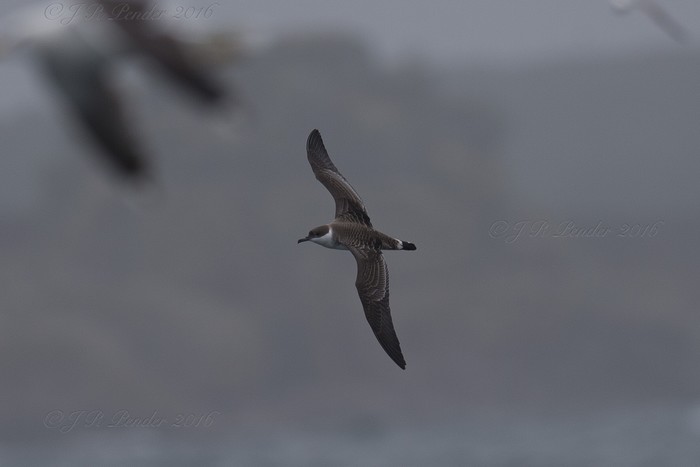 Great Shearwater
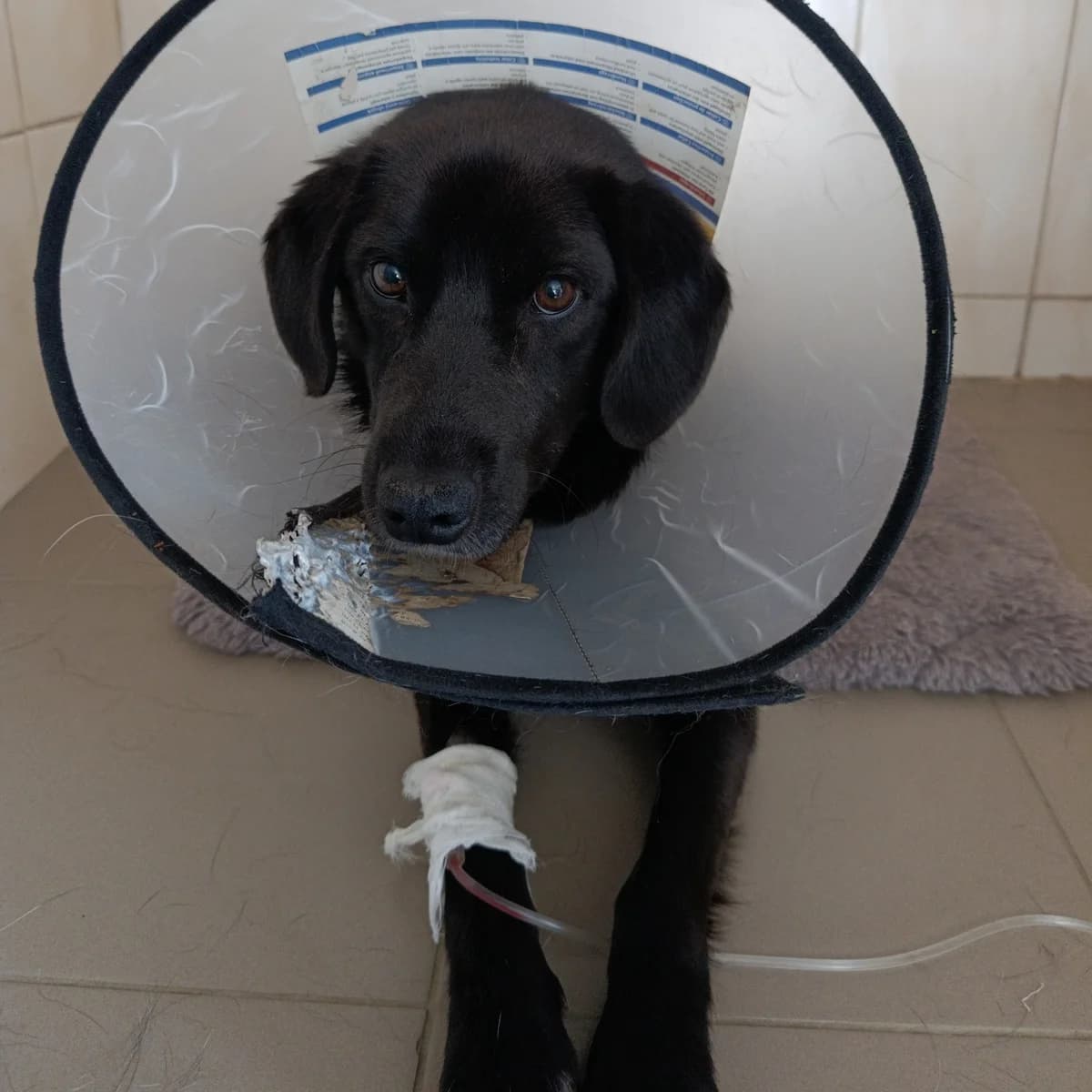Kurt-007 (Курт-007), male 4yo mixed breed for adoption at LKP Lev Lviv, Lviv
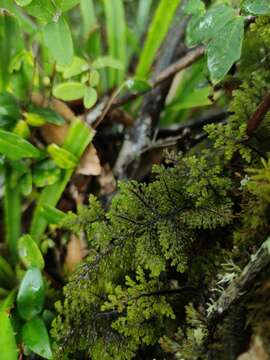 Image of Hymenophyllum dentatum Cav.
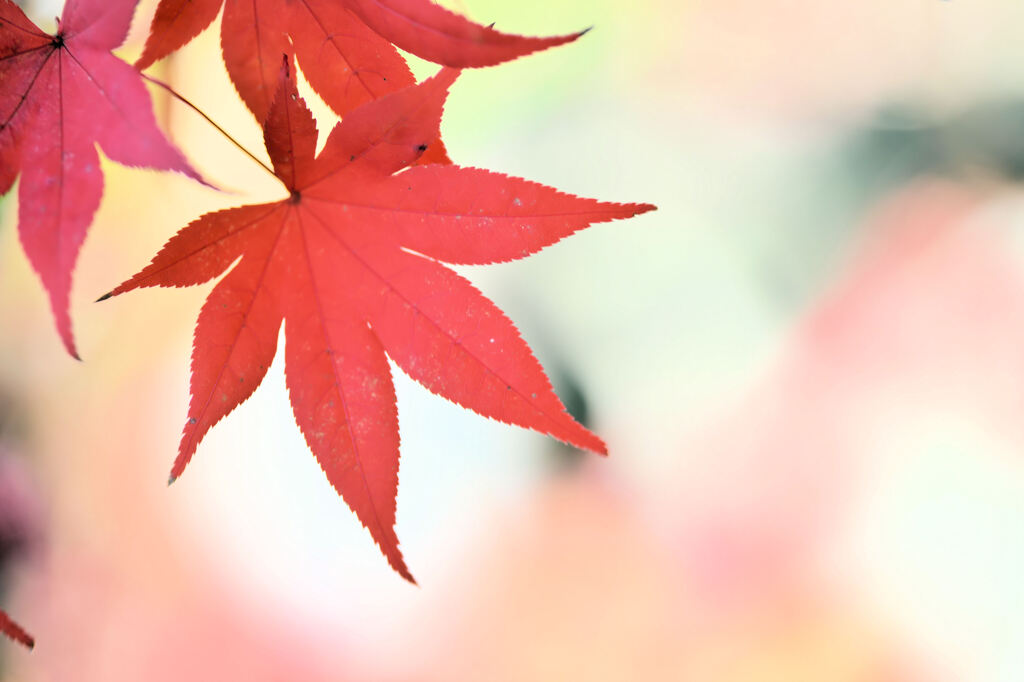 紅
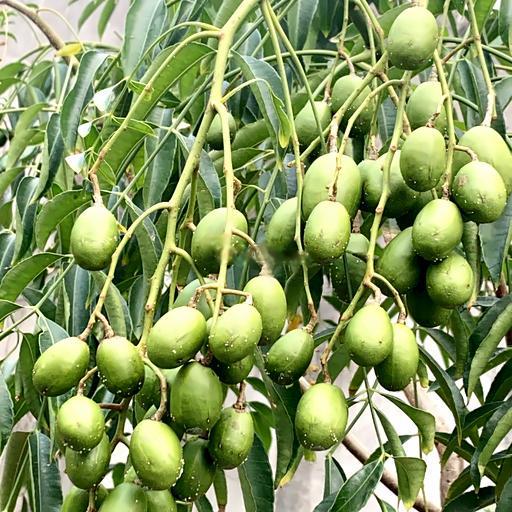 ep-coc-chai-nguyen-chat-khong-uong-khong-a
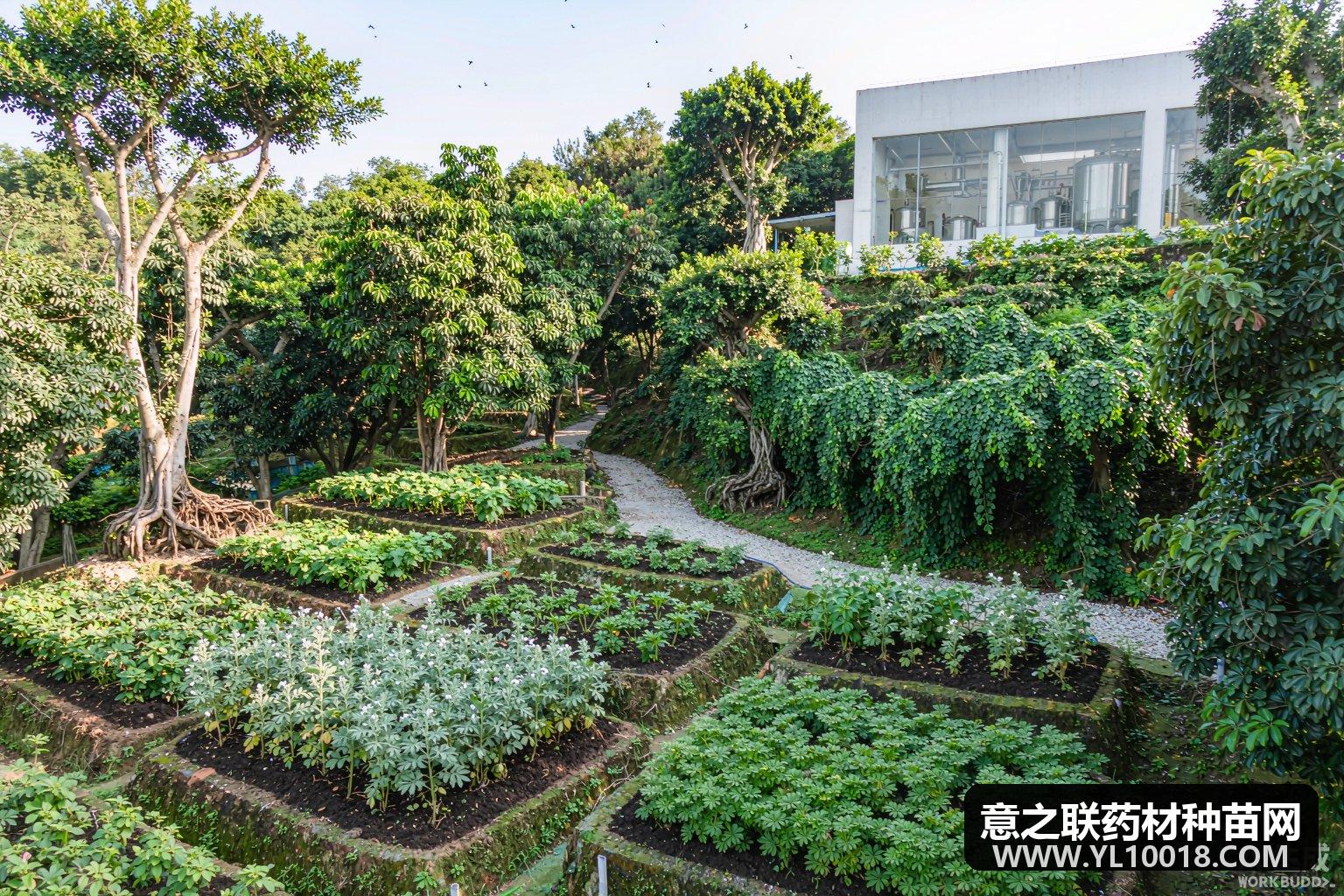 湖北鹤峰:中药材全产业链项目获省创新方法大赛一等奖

* [DIRECTIONS FOR THIS TASK] The entries are to be written out again exactly, without their pictures.

* [PROBLEM SOLUTION]
 Great Shearwater
Kurt-007 (Курт-007), male 4yo mixed breed for adoption at LKP Lev Lviv, Lviv
 Image of Hymenophyllum dentatum Cav.
 紅
 ep-coc-chai-nguyen-chat-khong-uong-khong-a
 湖北鹤峰:中药材全产业链项目获省创新方法大赛一等奖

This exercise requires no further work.